■ WORK TO COMPLETE ■
Below, locate the line that contains "Citroen Berlingo Talla". Repeat exactly from that line to the line that contains "Mew's House - Image 5", inclusive, leaving out the pictures.

━━ EXCERPTED RECORDS

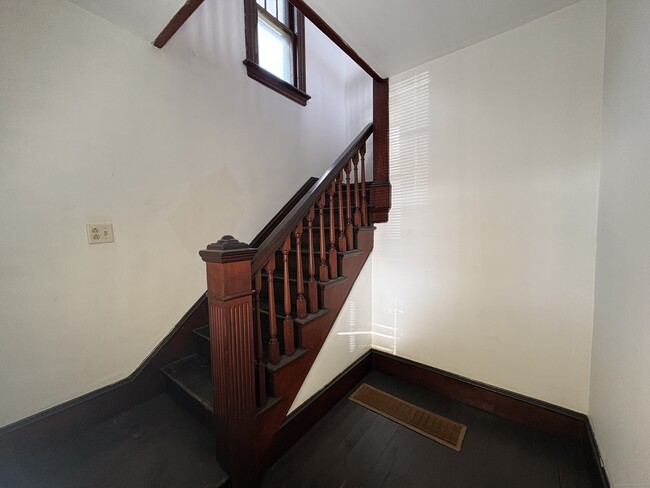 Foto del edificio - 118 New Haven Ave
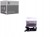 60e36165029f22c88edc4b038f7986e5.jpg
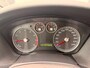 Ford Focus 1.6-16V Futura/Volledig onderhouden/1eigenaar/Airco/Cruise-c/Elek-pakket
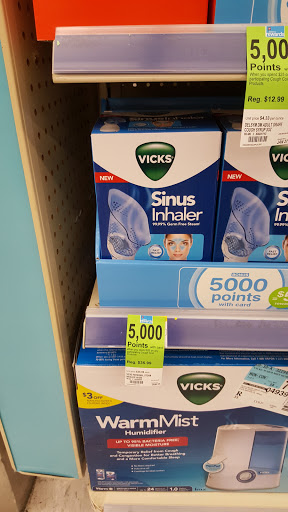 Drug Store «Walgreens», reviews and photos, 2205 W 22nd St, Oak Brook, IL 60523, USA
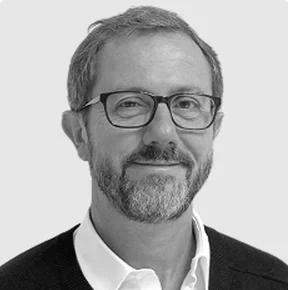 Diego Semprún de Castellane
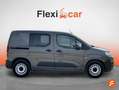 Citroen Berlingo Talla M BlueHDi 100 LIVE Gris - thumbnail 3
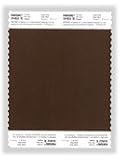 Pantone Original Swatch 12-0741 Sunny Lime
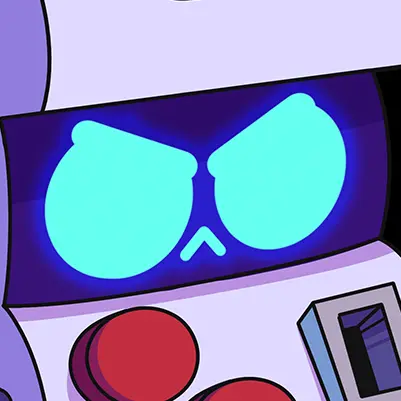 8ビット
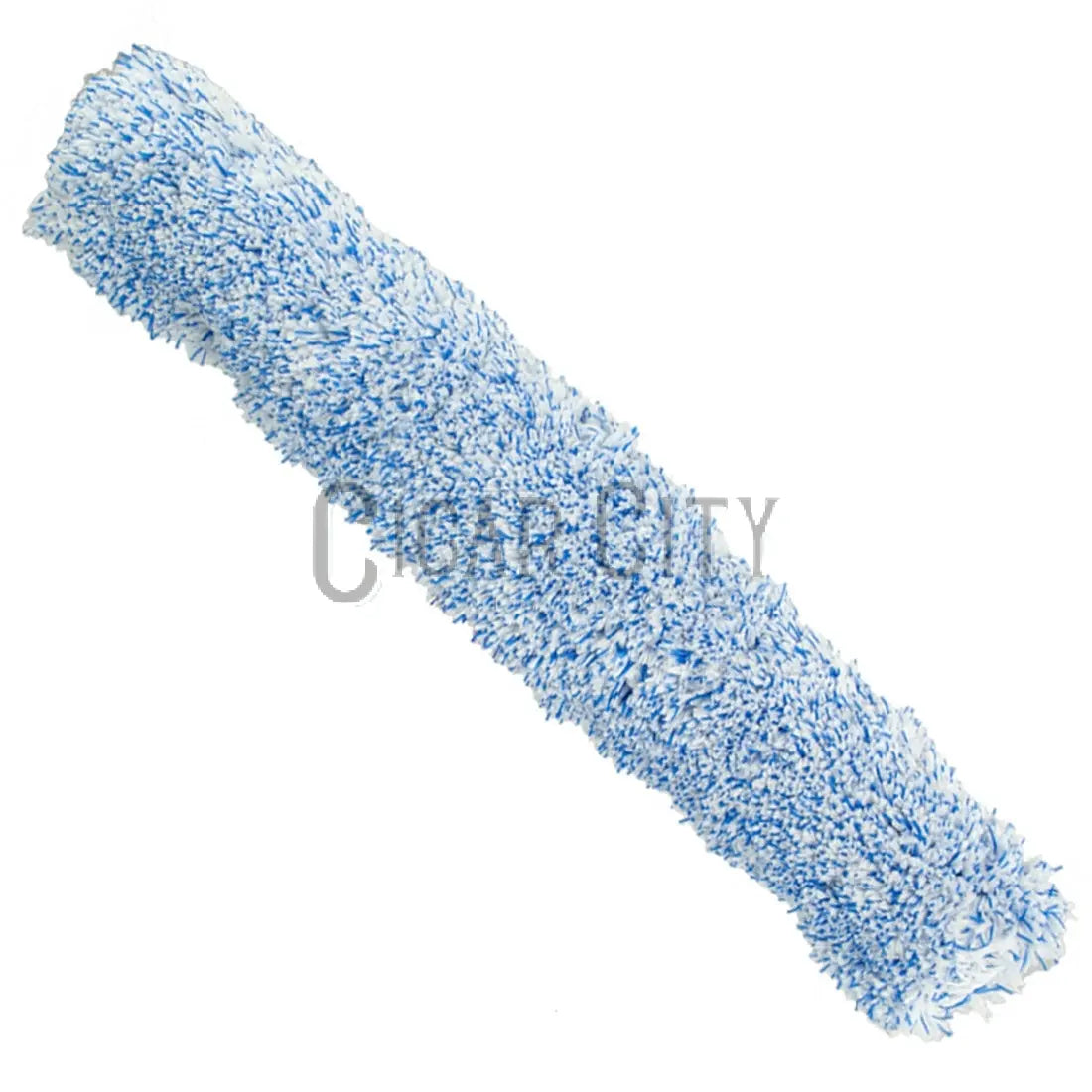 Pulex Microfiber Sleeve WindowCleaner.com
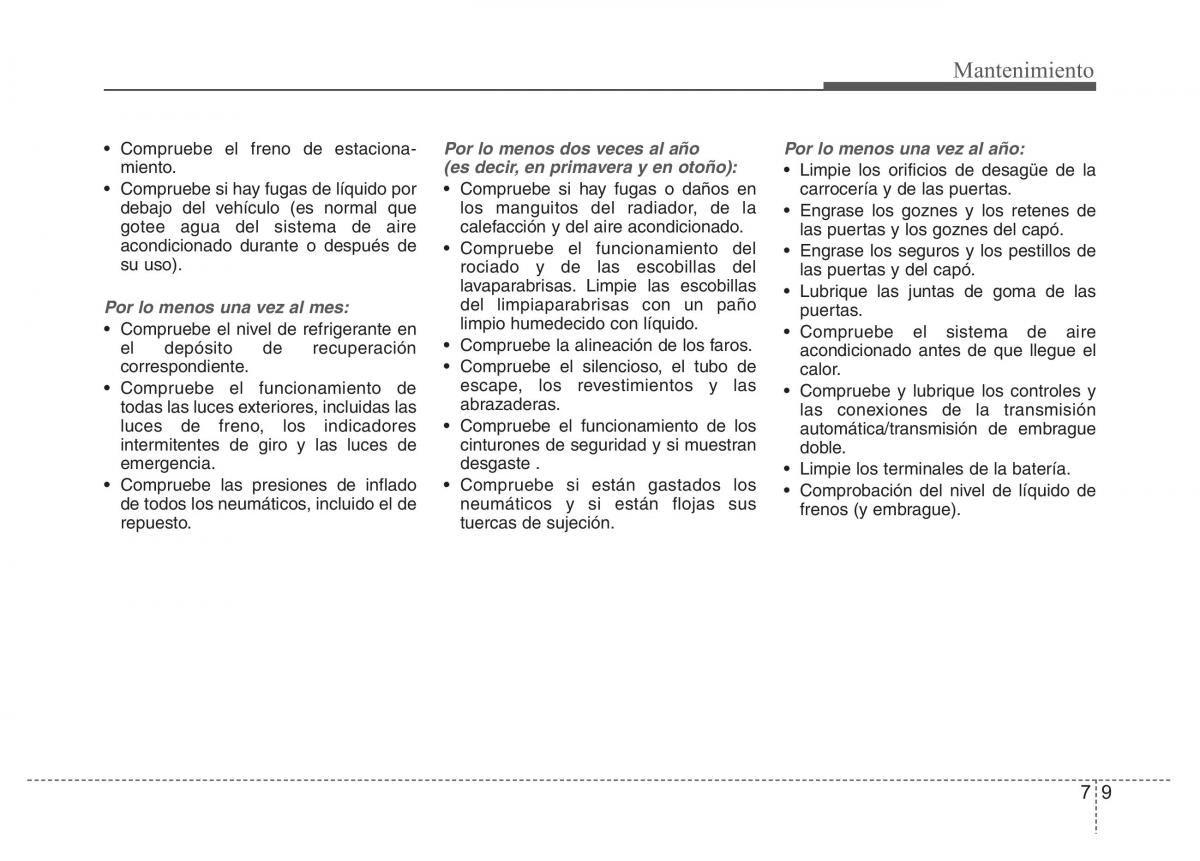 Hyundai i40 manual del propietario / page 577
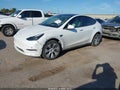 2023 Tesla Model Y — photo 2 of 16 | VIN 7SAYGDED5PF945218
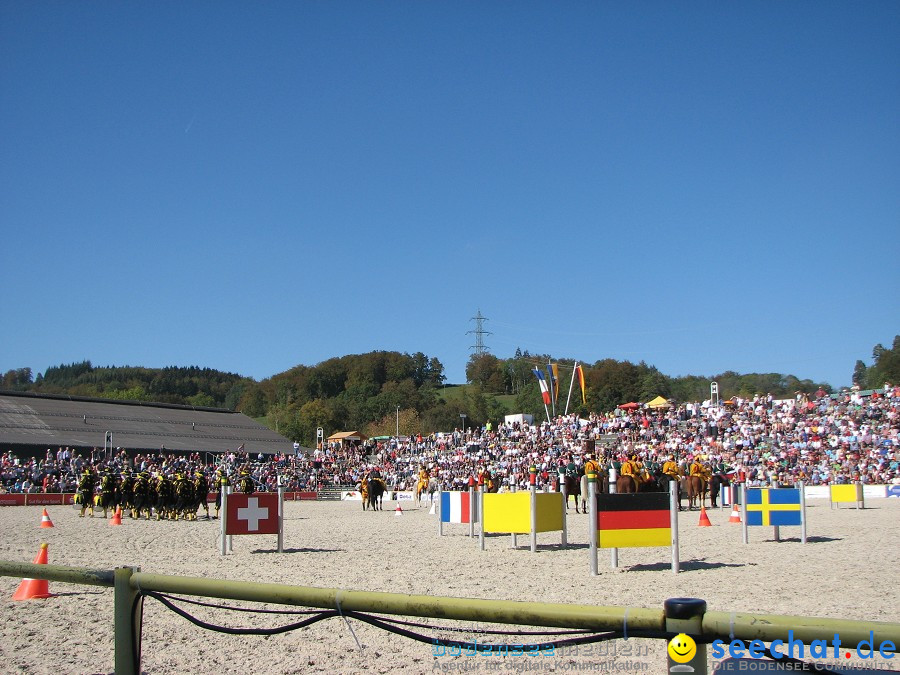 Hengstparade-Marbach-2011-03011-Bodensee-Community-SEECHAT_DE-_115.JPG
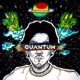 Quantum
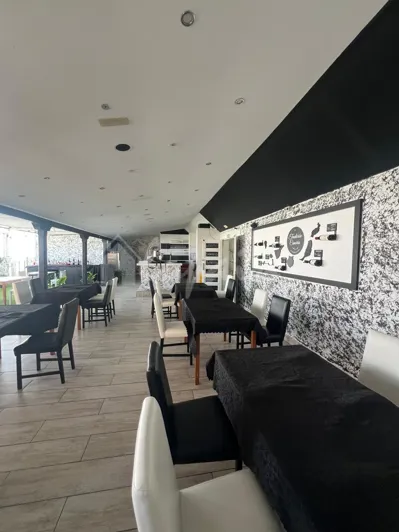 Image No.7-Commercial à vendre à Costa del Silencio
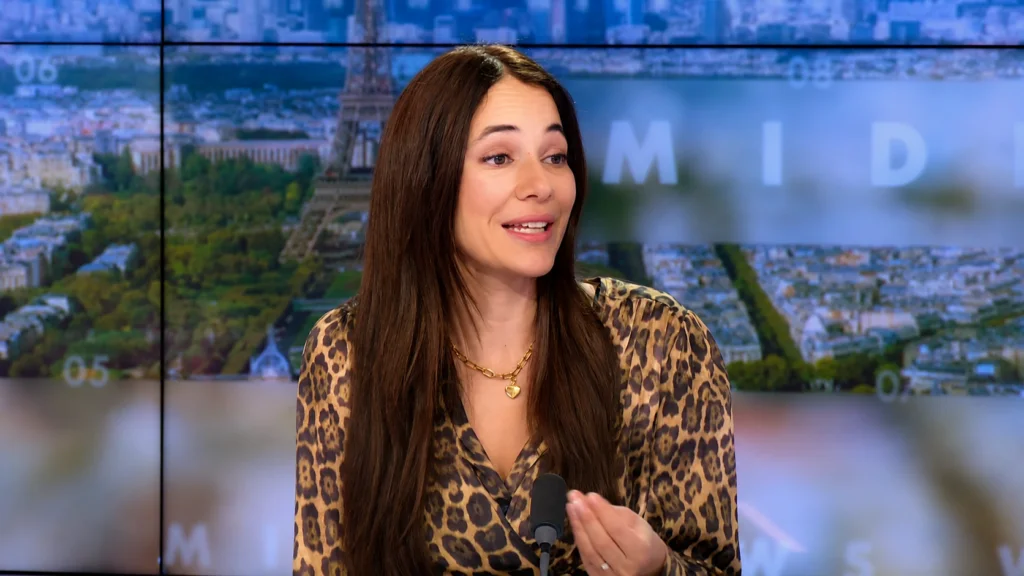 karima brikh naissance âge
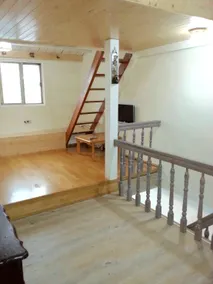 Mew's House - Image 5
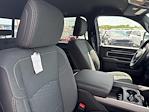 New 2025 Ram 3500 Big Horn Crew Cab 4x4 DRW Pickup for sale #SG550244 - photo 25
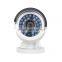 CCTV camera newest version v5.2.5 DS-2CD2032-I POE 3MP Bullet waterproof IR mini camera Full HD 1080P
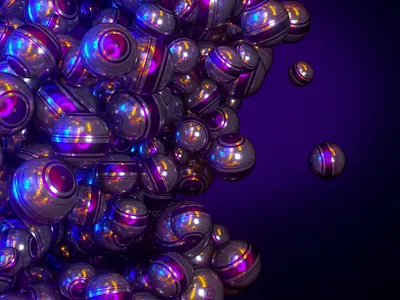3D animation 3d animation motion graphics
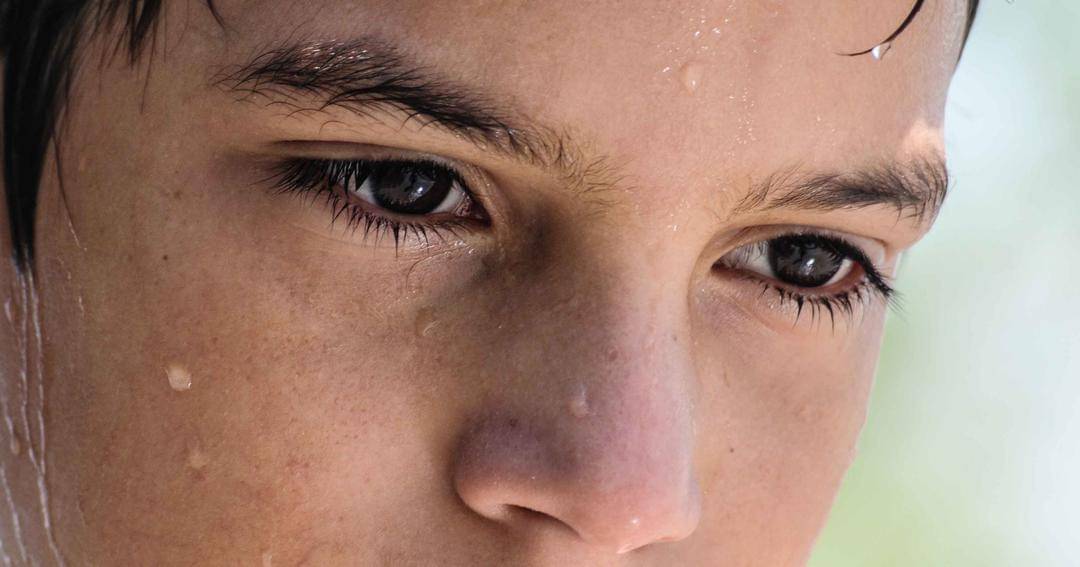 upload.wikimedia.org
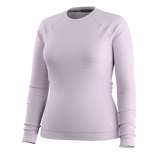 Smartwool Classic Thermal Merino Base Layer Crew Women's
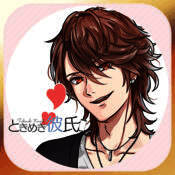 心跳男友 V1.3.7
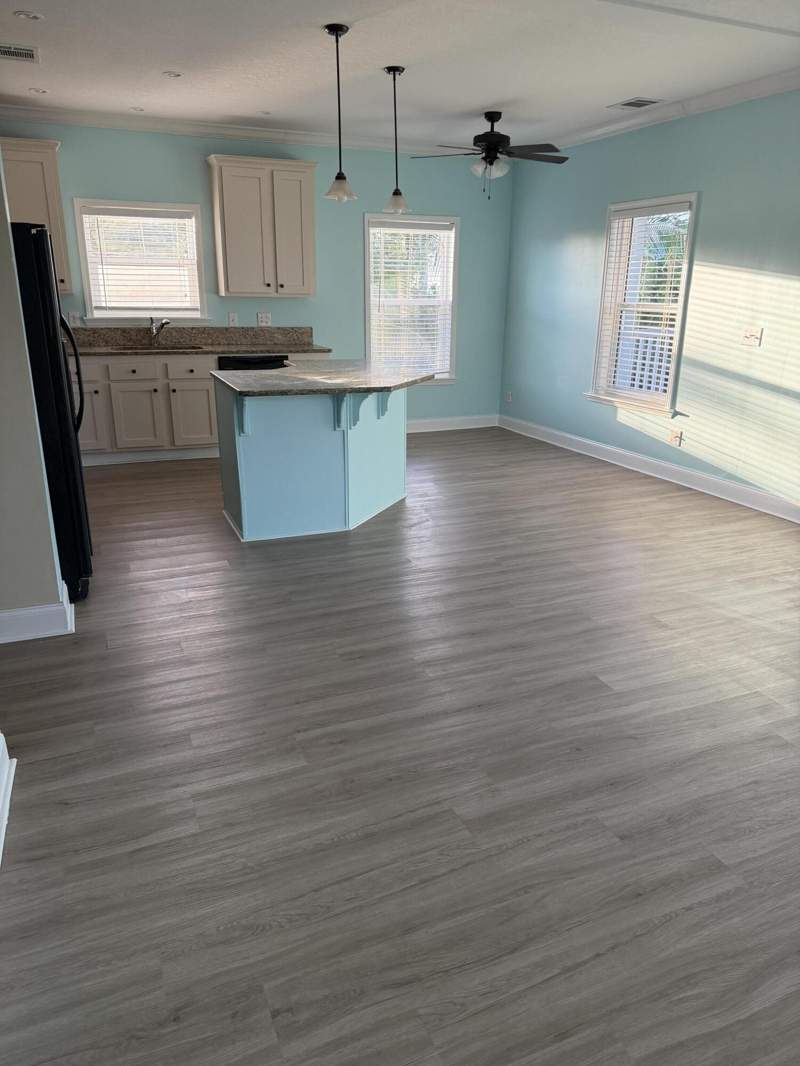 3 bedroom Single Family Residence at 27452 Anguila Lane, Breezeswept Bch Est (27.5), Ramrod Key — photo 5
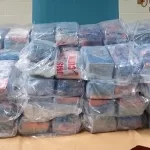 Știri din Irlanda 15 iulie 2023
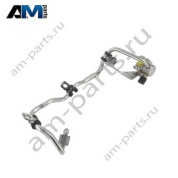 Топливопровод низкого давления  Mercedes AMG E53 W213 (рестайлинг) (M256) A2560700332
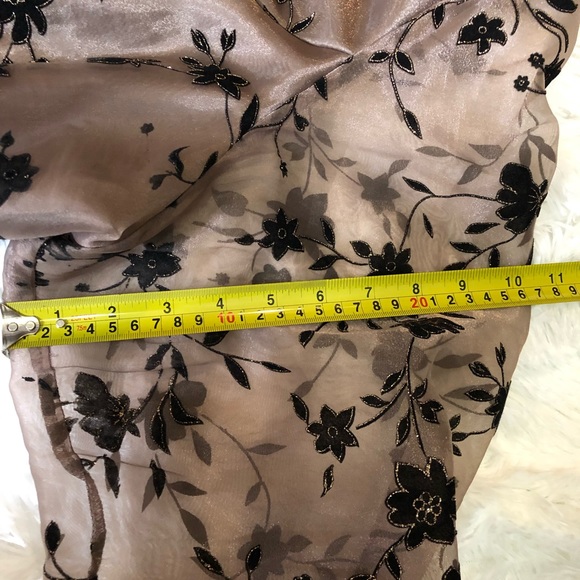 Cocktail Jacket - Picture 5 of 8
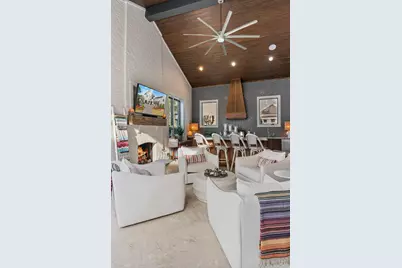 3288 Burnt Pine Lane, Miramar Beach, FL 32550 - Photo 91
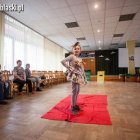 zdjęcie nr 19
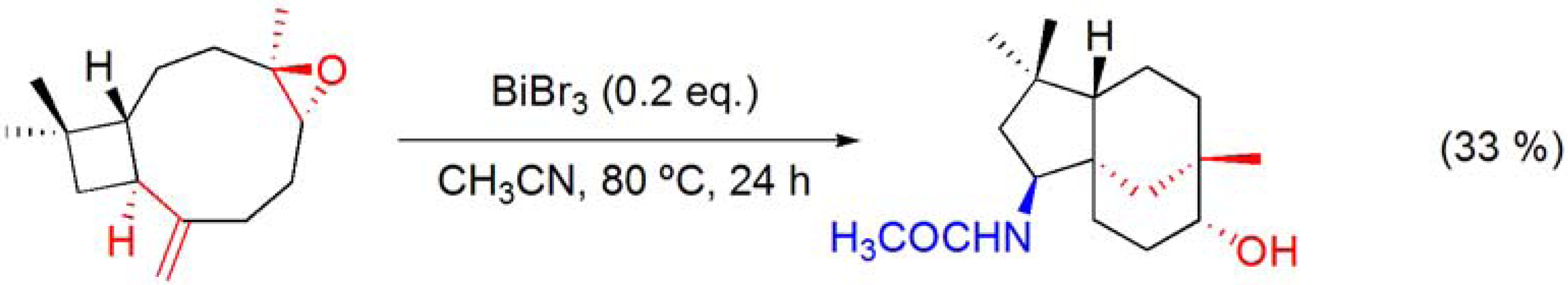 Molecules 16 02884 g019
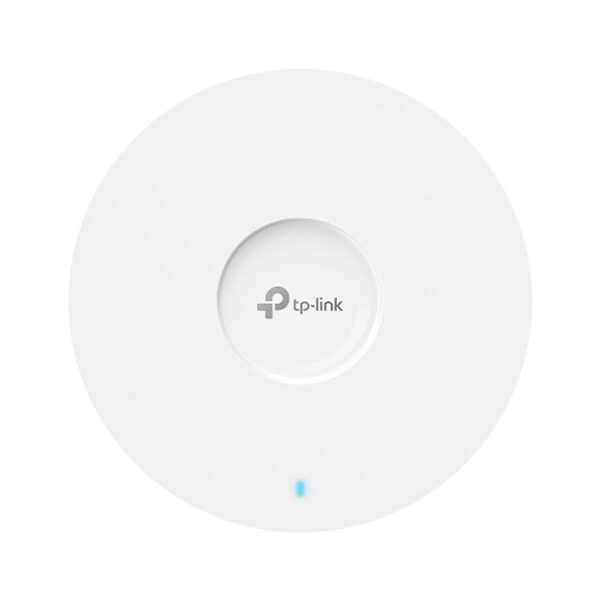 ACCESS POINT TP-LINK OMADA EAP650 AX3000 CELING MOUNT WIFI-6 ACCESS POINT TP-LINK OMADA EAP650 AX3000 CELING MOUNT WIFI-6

━━━━

■ TASK RESULT ■
 Citroen Berlingo Talla M BlueHDi 100 LIVE Gris - thumbnail 3
 Pantone Original Swatch 12-0741 Sunny Lime
 8ビット
 Pulex Microfiber Sleeve WindowCleaner.com
 Hyundai i40 manual del propietario / page 577
 2023 Tesla Model Y — photo 2 of 16 | VIN 7SAYGDED5PF945218
 Hengstparade-Marbach-2011-03011-Bodensee-Community-SEECHAT_DE-_115.JPG
 Quantum
 Image No.7-Commercial à vendre à Costa del Silencio
 karima brikh naissance âge
 Mew's House - Image 5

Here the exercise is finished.